Instructions for the task
What you return should be the full listing, word for word, without a single image.

Supplied material
* * * * * * *
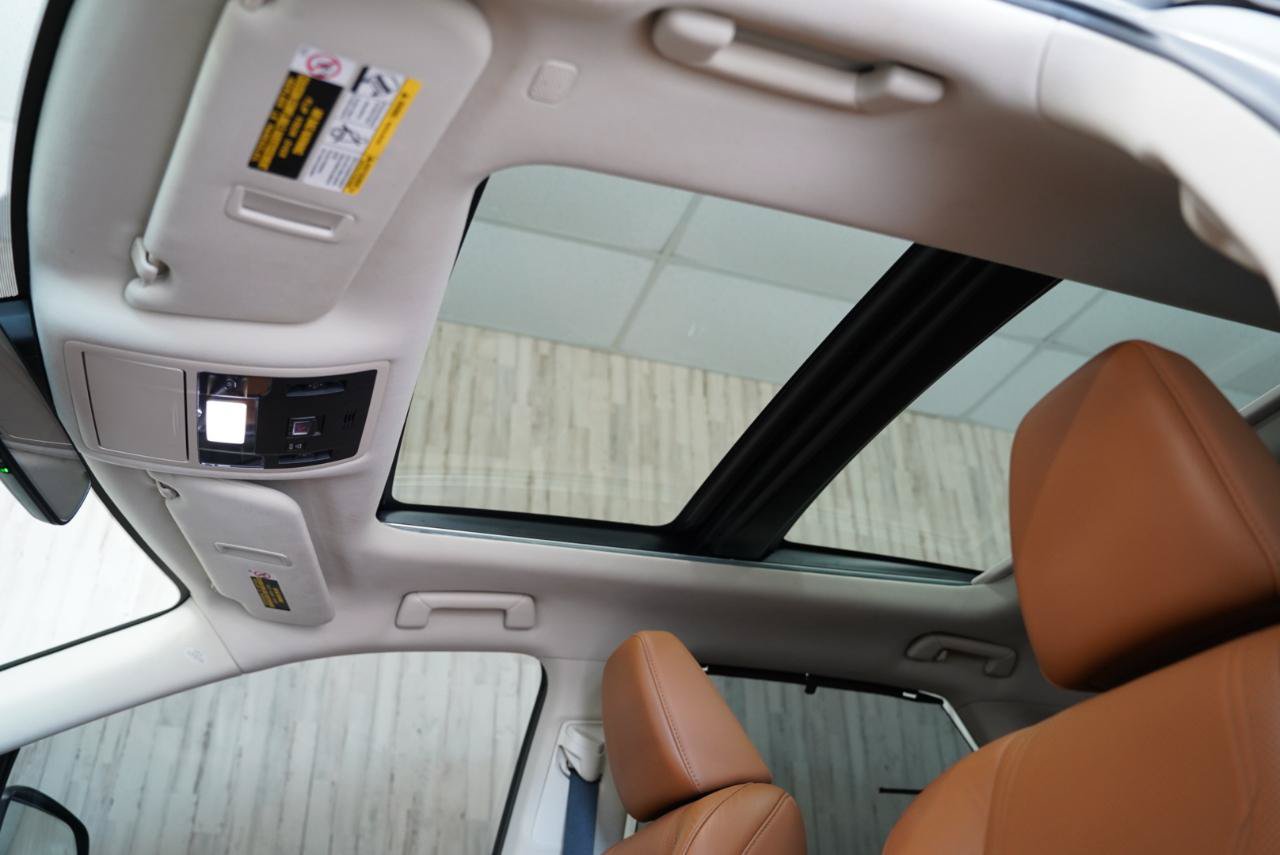 Used 2021 Lexus RX 450h AWD w/ Luxury Package image 35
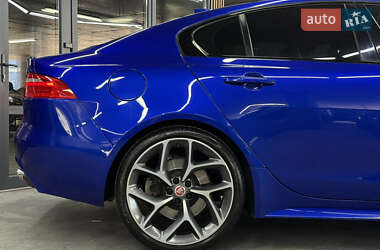 Седан Jaguar XE 2016 в 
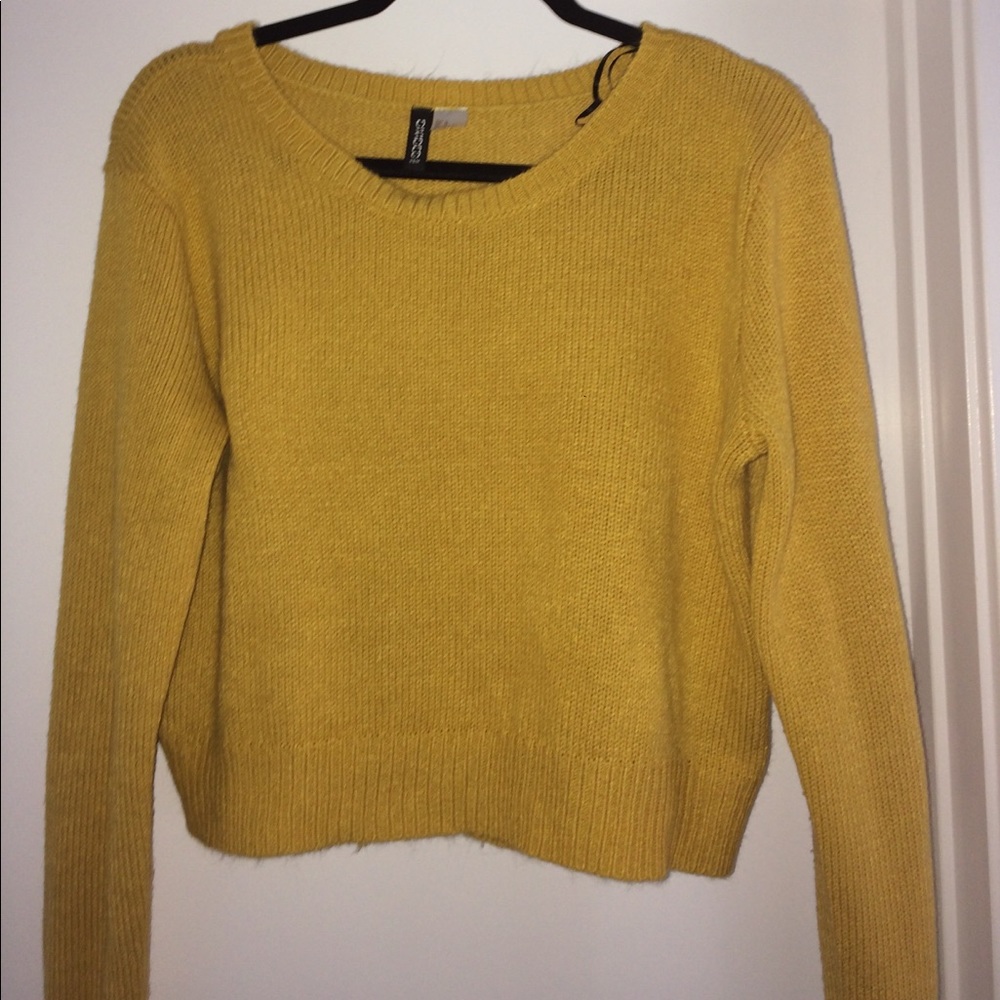 CROP TOP SWEATER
* * * * * * *
Output below
 Used 2021 Lexus RX 450h AWD w/ Luxury Package image 35
 Седан Jaguar XE 2016 в 
 CROP TOP SWEATER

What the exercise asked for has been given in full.